Shell Scripting Tutorial: Hello World

This is the very first in a completely unplanned series: bash shell scripting tutorial. It’s been quite some time since my first contact with bash shell. Since then, I’ve fallen in love with the language. Quite literally, if I may add. From simple to complex maintenance scripts to parallel activities to libraries, I’ve fiddled some.

This series is my humble way of saying thanks to all stackoverflow posts and to Julio Cesar Neves, who wrote the best programming book I’ve ever read. Seriously. These tutorials are also a thank you to an old friend who once taught my very first scripting lesson:

Shell scripting is about piecing together very small programs that do next to nothing on their own but become very very powerful when (spoiler) pipe’d together.
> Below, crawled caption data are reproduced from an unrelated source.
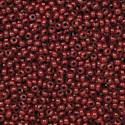 John Bead Czech Glass Seed Beads - Light Brown, Opaque, 10/0, 22 g vial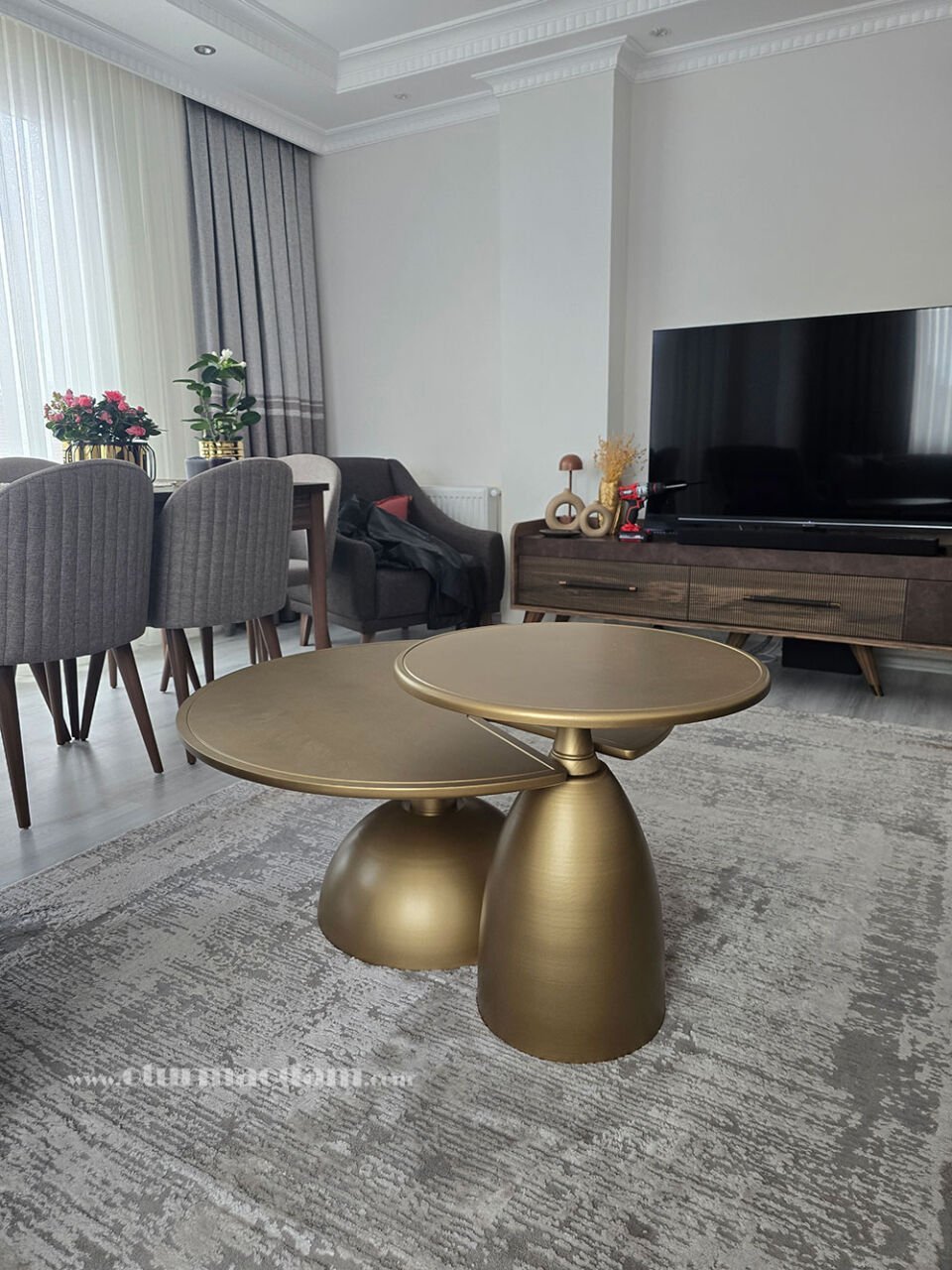 Pirinç İkili Mantar Sehpa Kırklareli Teslimatımız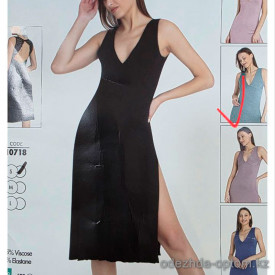 b4-10718 Cotpark Платье женское домашнее, S-L, 1 пачка (3 шт) b4-10718 Cotpark Платье женское домашнее, S-L, 1 пачка (3 шт)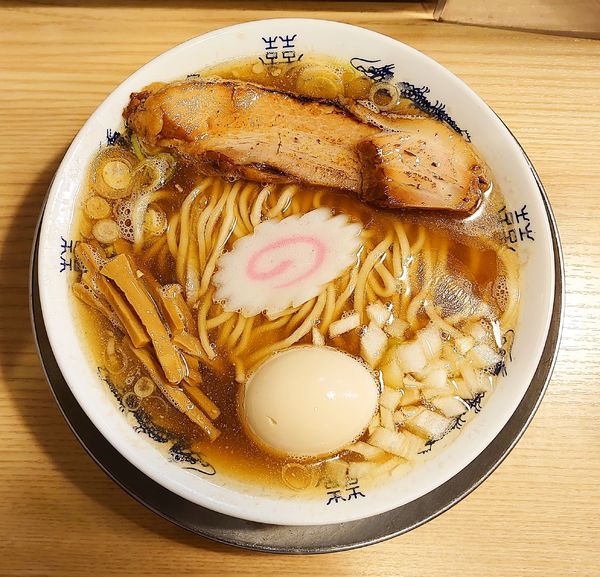 「煮干しそば(並)＋味玉」@煮干そば 流。の写真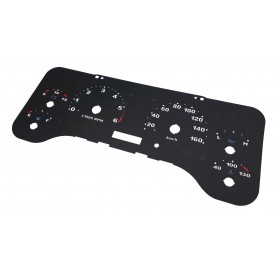 Jeep Wrangler TJ - Replacement dial - converted from MPH to Km/h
Except, maybe, for find. Find deserves a tutorial series on its own. But that’s for another day.

First Contact

So, without further ado, please do open your favourite tutorial and type in the following:

#! /bin/bash

echo “Hello, World!”

And save it. You don’t have to use the “.sh” extension, though it’s quite popular.
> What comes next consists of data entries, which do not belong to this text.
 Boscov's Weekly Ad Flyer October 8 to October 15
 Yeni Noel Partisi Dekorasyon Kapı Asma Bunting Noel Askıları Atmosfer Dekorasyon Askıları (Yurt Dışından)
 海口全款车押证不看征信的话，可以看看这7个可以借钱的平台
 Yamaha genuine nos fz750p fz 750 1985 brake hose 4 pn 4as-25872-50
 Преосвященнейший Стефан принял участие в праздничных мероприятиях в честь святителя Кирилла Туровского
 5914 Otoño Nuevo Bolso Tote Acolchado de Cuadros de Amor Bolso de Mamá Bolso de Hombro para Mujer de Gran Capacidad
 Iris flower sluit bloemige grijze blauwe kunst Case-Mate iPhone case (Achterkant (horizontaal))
To run it, cd into the directory you saved the file and issue this command:

$ cd /home/user/bash-tutorial/001-hello

$ bash hello.sh

Hello, World!

$ ./hello.sh

-bash: ./hello.sh: Permission denied

Ouch. What happened?

First you started bash directly. For your script to run the second time round, it must have the execute permission. Try this instead:

$ chmod u+x hello.sh

$ ./hello.sh

Hello, World!

Basic Shell Script Structure

Shebang

This simple 2-liner consists of two lines. The first one is commonly known as “shebang” and instructs your OS program loader on how to execute your program since it is basically a text file.

You can use this line to pass parameters to your interpreter. The most commonly used are “-l”, which starts a new login session with a fresh environment, and “-x”, which enables debugging mode. “-e” is also very useful and is used to interrupt the script if any program it executes exits with a status other than zero.

Echo, echo, echo…

The second line tells the interpreter to write whatever is between the quotes on the standard output. In this case, it’s the quintessential message “Hello, World!”. For the time being, the standard output will be the console.